Freedom remains bitterly contested in Independent India. Democracy works only for some, who thrive in its liberties, security and choice. Others are condemned to life-sentences variously of hunger, homelessness, stigma, fear, penury and neglect.
In this collection of essays, written between 2004 and 2011, we encounter many of these exiles from India’s secular democracy – children living on the streets, households battling hunger, communities battling the politics of hate; we encounter injustice and suffering, but also resistance and hope. These essays straddle many subjects – people and policies, books and films. Within these pages, we witness a giant nation – at once old and new, dark and shining, cruel and compassionate, unfree and free.
The author weaves an alternative tapestry of diverse images and voices, portraying India in the early years of the twenty-first century.

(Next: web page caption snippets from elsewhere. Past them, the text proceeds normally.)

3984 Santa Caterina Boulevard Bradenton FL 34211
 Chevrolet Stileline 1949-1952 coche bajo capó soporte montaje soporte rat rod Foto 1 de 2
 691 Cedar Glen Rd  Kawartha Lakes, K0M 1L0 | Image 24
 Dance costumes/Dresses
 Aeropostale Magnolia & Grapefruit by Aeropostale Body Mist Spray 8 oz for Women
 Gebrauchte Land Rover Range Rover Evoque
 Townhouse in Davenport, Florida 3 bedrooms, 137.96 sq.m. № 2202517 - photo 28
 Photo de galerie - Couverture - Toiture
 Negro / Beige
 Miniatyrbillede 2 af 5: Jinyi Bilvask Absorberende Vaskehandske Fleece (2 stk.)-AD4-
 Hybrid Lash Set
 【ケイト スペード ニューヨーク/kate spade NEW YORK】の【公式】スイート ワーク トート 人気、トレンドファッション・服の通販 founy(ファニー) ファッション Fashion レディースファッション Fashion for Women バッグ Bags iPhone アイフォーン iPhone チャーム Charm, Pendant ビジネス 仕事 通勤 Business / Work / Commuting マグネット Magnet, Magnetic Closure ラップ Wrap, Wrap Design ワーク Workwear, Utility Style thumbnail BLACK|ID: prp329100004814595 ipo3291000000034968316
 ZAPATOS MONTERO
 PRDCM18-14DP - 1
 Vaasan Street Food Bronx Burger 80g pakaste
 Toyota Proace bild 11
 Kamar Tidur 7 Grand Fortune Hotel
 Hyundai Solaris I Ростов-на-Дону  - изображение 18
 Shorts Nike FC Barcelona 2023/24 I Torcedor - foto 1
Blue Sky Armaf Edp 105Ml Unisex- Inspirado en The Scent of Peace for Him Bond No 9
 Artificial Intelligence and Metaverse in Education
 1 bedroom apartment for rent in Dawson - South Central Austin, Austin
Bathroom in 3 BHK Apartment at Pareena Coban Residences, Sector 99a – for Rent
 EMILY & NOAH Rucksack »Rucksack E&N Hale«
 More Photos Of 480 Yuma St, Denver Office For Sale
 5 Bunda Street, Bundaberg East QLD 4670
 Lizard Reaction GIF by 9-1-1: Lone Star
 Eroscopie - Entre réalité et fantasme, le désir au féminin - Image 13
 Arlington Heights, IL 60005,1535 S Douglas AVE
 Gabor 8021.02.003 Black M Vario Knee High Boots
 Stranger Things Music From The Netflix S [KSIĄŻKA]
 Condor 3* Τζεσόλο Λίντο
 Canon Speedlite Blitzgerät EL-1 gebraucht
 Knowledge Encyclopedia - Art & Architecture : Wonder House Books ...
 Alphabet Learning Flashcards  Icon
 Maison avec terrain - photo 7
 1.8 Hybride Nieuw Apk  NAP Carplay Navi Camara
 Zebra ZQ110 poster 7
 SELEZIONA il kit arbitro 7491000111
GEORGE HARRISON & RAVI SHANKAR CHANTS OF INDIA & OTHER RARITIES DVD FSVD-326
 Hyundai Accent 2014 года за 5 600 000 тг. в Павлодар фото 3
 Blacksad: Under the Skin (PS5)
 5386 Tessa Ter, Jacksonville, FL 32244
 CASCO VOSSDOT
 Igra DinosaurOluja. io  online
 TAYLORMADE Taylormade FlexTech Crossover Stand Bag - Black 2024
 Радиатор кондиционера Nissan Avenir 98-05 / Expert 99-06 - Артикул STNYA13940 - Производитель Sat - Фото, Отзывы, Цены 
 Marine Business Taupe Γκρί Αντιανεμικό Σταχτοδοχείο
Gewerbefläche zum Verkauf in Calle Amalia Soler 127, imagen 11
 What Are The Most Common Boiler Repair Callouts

Cover: Photograph of Bibi Khatoon, resident of Signal Falia, Godhra, whose three sons spent nine years in jail without bail, charged with the burning of the train in Godhra on February 27, 2002, and were finally acquitted. Photo by Johanna Lokhande
Harsh Mander is a human rights and peace worker. He is the author of Looking Away: Inequality, Prejudice and Indifference in New India; Unheard Voices: Stories of Forgotten Lives; Ash in the Belly: India’s Unfinished Battle against Hunger; Fatal Accidents of Birth: Stories of Suffering, Oppression and Resistance and several other books on contemporary India.